Quanto à produção, ainda segundo o MBAgro, dados do governo chinês, apontam que a produção de carne suína da China aumentou 18% no terceiro trimestre de 2020 em relação ao mesmo período de 2019, para 8,4 milhões de toneladas. Foi o primeiro trimestre desde o intervalo julho-setembro de 2018 a mostrar um aumento de produção da proteína no comparativo anual. Apesar deste crescimento da produção no último trimestre, a China ainda tem muito a recuperar, o que pode ser percebido pela importação elevada de carne suína por parte daquele país que nos primeiros nove meses de 2020, chegou a 3,29 milhões de toneladas (Reuters/MARA-China), um aumento de 132,2% em relação ao mesmo período do ano passado, sendo que o Brasil representou ao redor de 11% deste volume somente. Se por um lado a recuperação da produção de carne suína pela China ainda está longe, por outro, aumentou o consumo de soja e milho para atender a retomada do rebanho de matrizes. Estima-se que para converter toda a suinocultura chinesa para produção em alta tecnologia são necessários cerca de 30 milhões de toneladas adicionais de soja anualmente no consumo da China. O volume de importação de soja responde por aproximadamente 90% do consumo doméstico chinês e não há espaço para o país elevar a produção interna. Ou seja, a necessidade de importação da oleaginosa seguirá crescendo.

Inflação também preocupa

Além da alta do custo do milho, farelo de soja e outros insumos atrelados ao dólar como vitaminas, aminoácidos e medicamentos veterinários, causa preocupação no setor também a pressão inflacionária na economia de modo geral. De acordo com dados divulgados pela FGV em 20 de outubro, na segunda prévia do mês, o Índice Geral de Preços Mercado (IGPM) acumula alta de 17,74% no ano de 2020 e elevação de 20,56% nos últimos 12 meses. O índice é o principal indexador de tarifas públicas e de determinados serviços.

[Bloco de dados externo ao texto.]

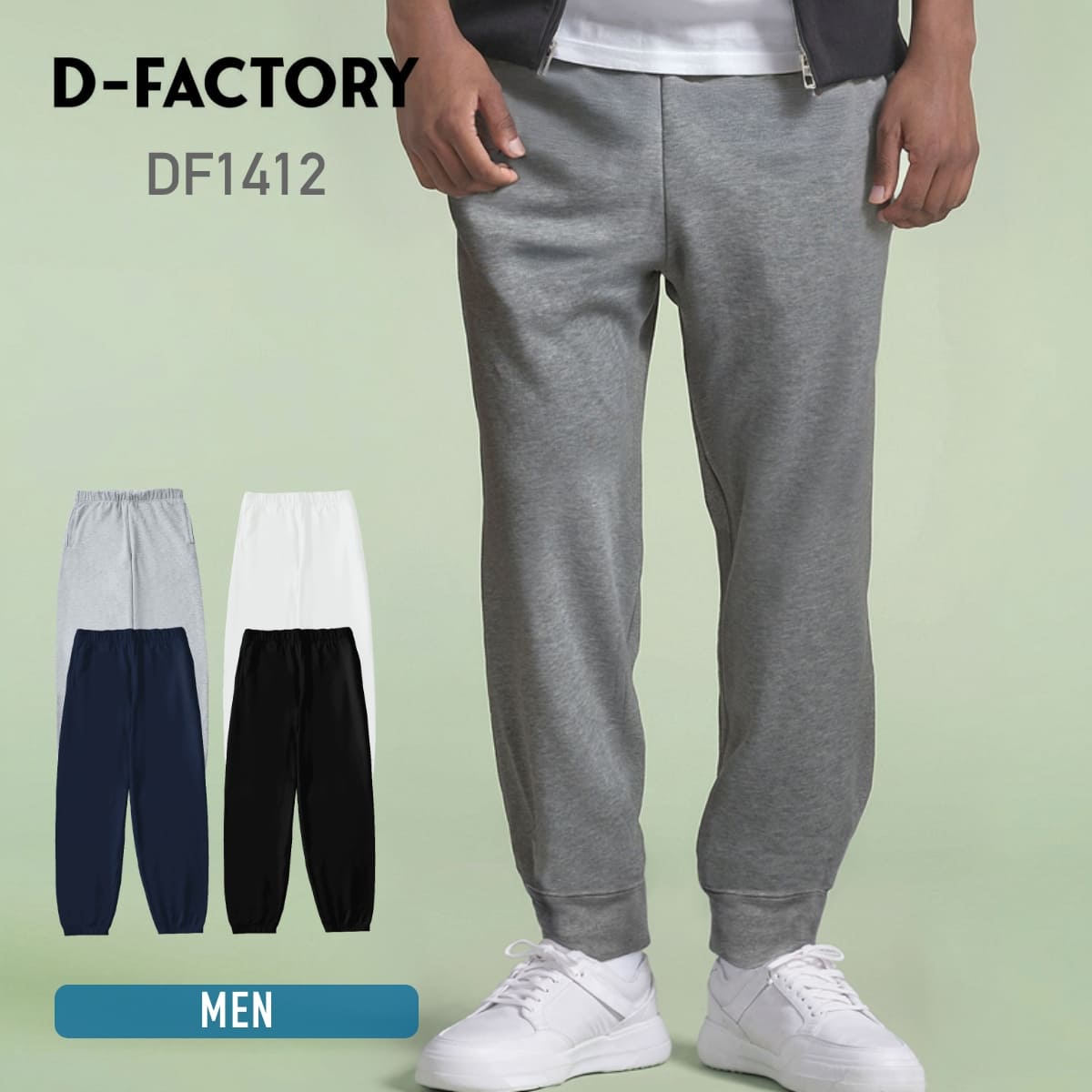8.8オンス ハイパースウェットパンツ | メンズ | 1枚 | DF1412 | ヘザーグレー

A maior parte do IGPM refere-se a preços no atacado, que costuma antecipar as variações de preços no varejo. A valorização das comodities agrícolas, desvalorização cambial do real e o déficit fiscal do governo em crescimento, são outros fatores que preocupam para determinar a pressão inflacionária sobre outros índices, como o IPCA (Índice de Preços ao Consumidor Amplo) que atingiu a marca de 0,64%, em setembro, sendo esta a maior taxa registrada para este mês desde 2003, quando o indicador foi de 0,78%.

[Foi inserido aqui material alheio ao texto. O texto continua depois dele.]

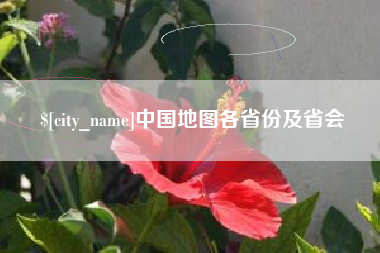 桂平中国地图各省份及省会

Mensagem aos suinocultores

É preciso manter-se atento ao clima e à evolução do plantio da primeira safra. Aproveitar o bom momento de preço do suíno deste final ano que, embora com custo elevado, tem determinado margem positiva na atividade. A possibilidade da suspensão do auxílio emergencial em 2021 e dependência cada vez maior das exportações, principalmente para a China, pedem cautela no planejamento. Não é hora de aumentar a produção, mas sim reinvestir nas granjas, buscando a sustentabilidade no longo prazo e montar estratégias de compra antecipada de insumos, ponto cada vez mais importante na viabilidade da suinocultura brasileira.